Pemerintah di Provinsi Bali telah mengambil tindakan dalam mengurangi sampah plastik. Pemerintah telah menerbitkan peraturan – peraturan terkait yaitu Peraturan Gubernur Bali Nomor 97 Tahun 2018 tentang Pembatasan Timbulan Sampah Plastik Sekali Pakai dan Peraturan Walikota Denpasar Nomor 36 Tahun 2018 tentang Pengurangan Penggunaan Kantong Plastik. Pemberlakuan kedua peraturan tersebut merupakan salah satu upaya solutif yang secara tidak langsung memungkinkan Pemerintah Daerah di Provinsi Bali untuk dapat melakukan otonomi sebagaimana secara konstitusional telah diinstruksikan dalam Undang–Undang Dasar Negara Republik Indonesia Tahun 1945, Pasal 18 ayat (6). Kemudian kewenangan ini dipertegas kembali dalam Undang-Undang Nomor 9 Tahun 2015 tentang Perubahan Kedua atas Undang-Undang Nomor 23 Tahun 2014 tentang Pemerintahan Daerah. Berdasarkan hal itu, konsep pelaksanaan otonomi sejatinya telah dilaksanakan oleh pemerintah daerah akan tetapi belum sepenuhnya memenuhi harapan sebagaimana

yang dimaksud. Otonomi yang diberikan tidak menutup adanya kemungkinan pembagian dan perimbangan urusan wajib daerah dengan pemerintah pusat.3

Ruang lingkup dari Peraturan Gubernur Bali Nomor 97 Tahun 2018 tentang Pembatasan Timbulan Sampah Plastik Sekali Pakai dalam Pasal 3 terdiri atas “jenis dan pembatasan PSP; penggunaan produk pengganti PSP; rencana aksi daerah pembatasan timbulan sampah PSP; peran serta masyarakat; kerjasama; pembinaan dan pengawasan; penghargaan; pendanaan; dan sanksi administratif”. Sedangkan Ruang lingkup dari Peraturan Walikota Denpasar Nomor 36 Tahun 2018 tentang Pengurangan Penggunaan Kantong Plastik dalam Pasal 2 ayat (3) terdiri atas “pengurangan penggunaan kantong plastik; dan penyediaan kantong plastik ramah lingkungan”.
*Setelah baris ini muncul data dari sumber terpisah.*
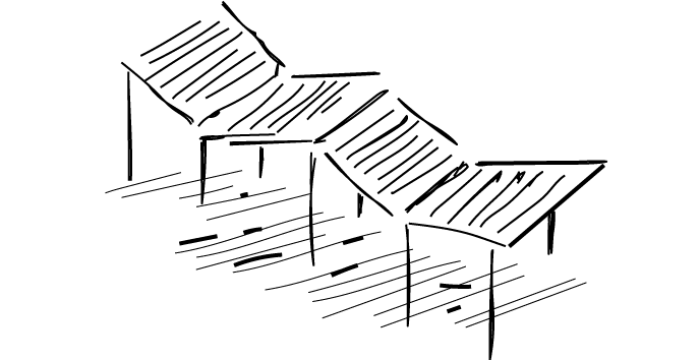 Casa Vicuña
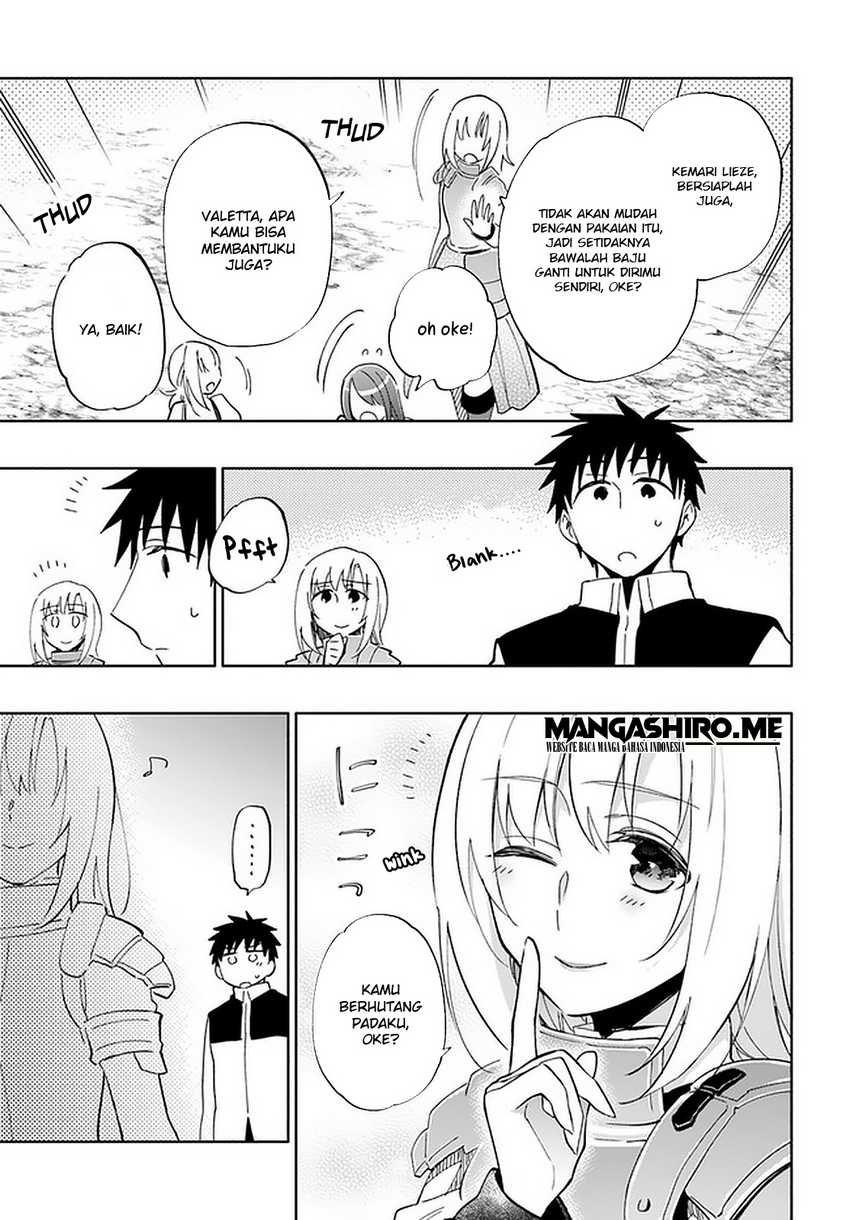Chapter 45 - halaman 8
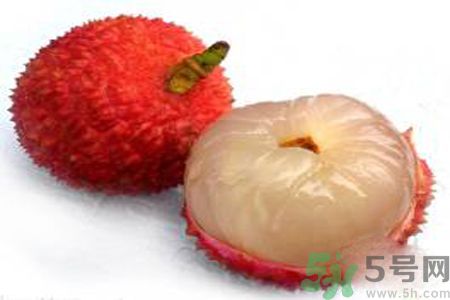 荔枝和桂圓一樣嗎？荔枝和桂圓哪個(gè)好？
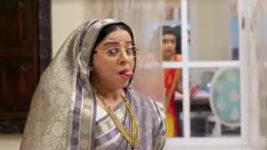 Kya Haal Mr Panchaal S06E156 Naagin Confronts Kanhaiya Full Episode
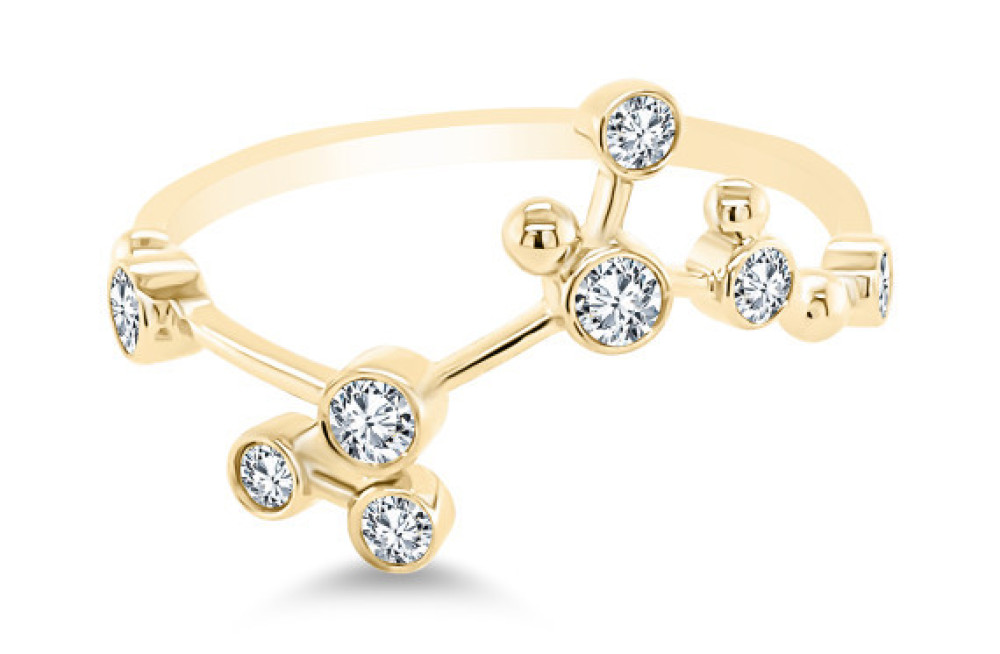 shop-sagittarius-engagement-rings-at-affordable-price-big-0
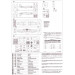 A6M5 Type 52 Mitsubishi, Zero-sen, Zeke, Zero, Rei-sen - 1/48 HASEGAWA 07385. Limited Edition A6M5 Type 52 Mitsubishi, Zero-sen, Zeke, Zero, Rei-sen - 1/48 HASEGAWA 07385. Limited Edition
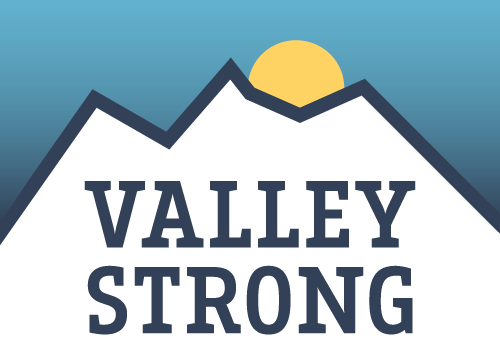 Valley Strong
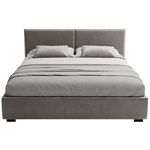 Pat my-STYLE my-Bria 160x200 (P02D16M08)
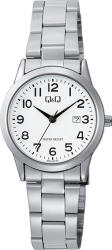 Q&Q A45A-001PY Ceas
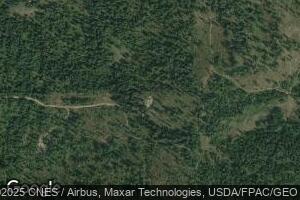 3774 Daisy Mine Rd Unit K, Rice, WA 99167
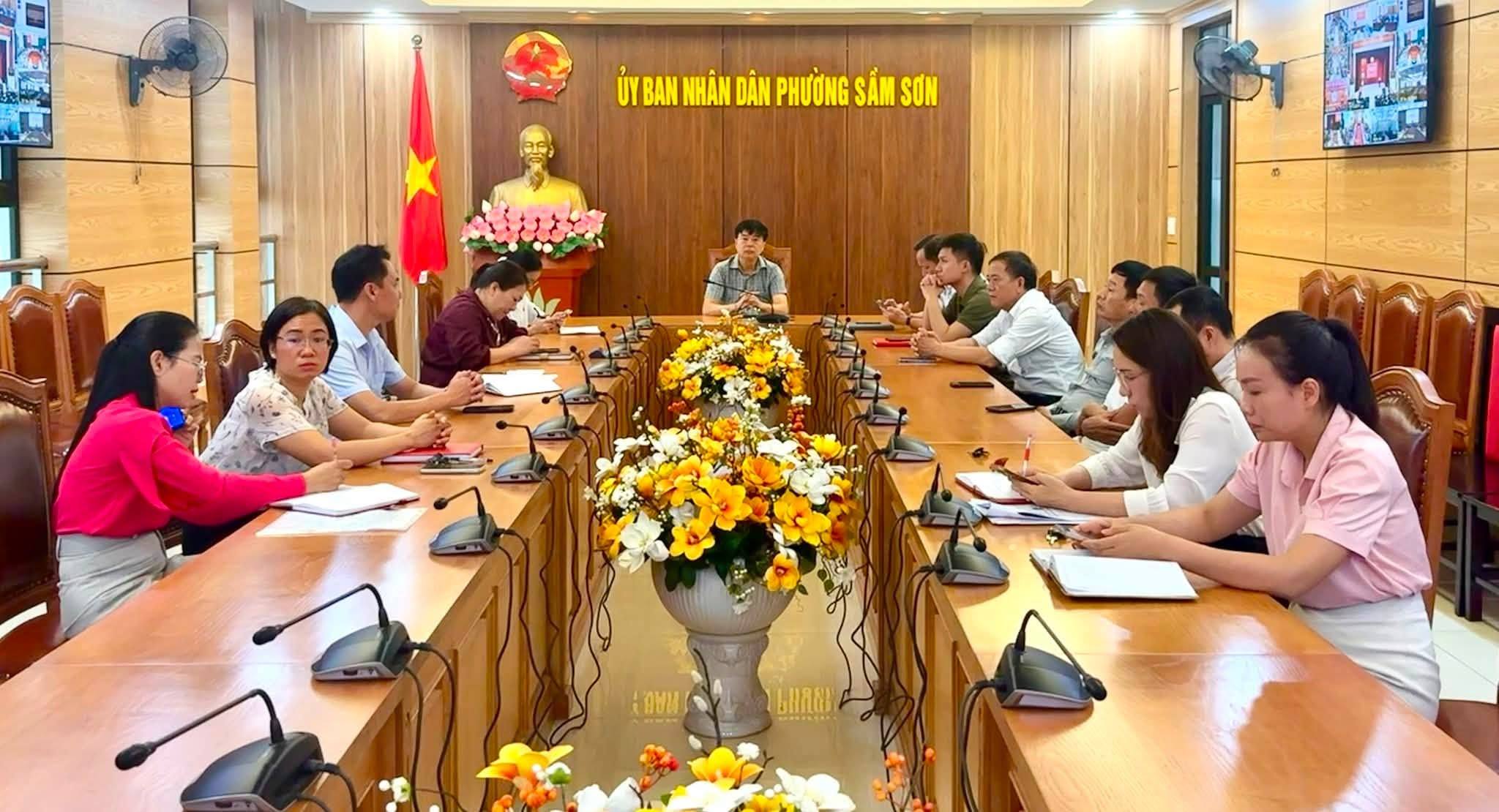 Khai mạc hội nghị toàn quốc tập huấn công tác tuyên giáo và dân vận năm 2026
Keseluruhan isi dari kedua peraturan tersebut tentunya bertujuan agar dapat mengurangi intensitas sampah plastik di Provinsi Bali yang terus meningkat. Namun, meski sudah dibuat pengaturan yang sedimikian rupa, pada pelaksanaannya masih saja terdapat kekurangan dan tidak sesuai dengan harapan. Masyarakat masih belum bisa lepas dari penggunaan plastik sekali pakai. Sehingga upaya pengawasan yang telah termuat dalam peraturan tersebut perlu dilaksanakan.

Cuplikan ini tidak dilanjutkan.